Writers prefer a well-stuffed bookshelf to one slim tablet, and they admire a well-illustrated book over a touch-screen.
Alain de Botton the philosopher said he dumped e-books when he realised the information didn't sink in without physical contact with a real book.
''I'm a recent apostate from e-books. I found whatever I read on my Kindle, I couldn't remember in the long term. It was as if I'd never read it," he said.
Jilly Cooper missed the ability to make notes on e-book readers in the same way as with traditional books.
''I like to scribble all over [books] and write things and say 'Well done', and 'God how awful' and 'Let's remember that bit'. I always underline good bits and turn over the pages of bits that absolutely knock me out," she said.
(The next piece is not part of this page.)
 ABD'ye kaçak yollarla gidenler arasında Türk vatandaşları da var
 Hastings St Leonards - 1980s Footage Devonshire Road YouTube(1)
Last year there was a frenzy of e-book buying. The Fifty Shades erotic trilogy by EL James contributed much to the e-book phenomenon, filling the top three slots in last year's e-book sales charts.
But Philip Stone of The Bookseller said growth is slowing.
''After the initial dramatic sales, we've seen enthusiasm wane recently," he said. ''The format is certainly here to stay but we are expecting sales will only increase by around 20 percent in total this year."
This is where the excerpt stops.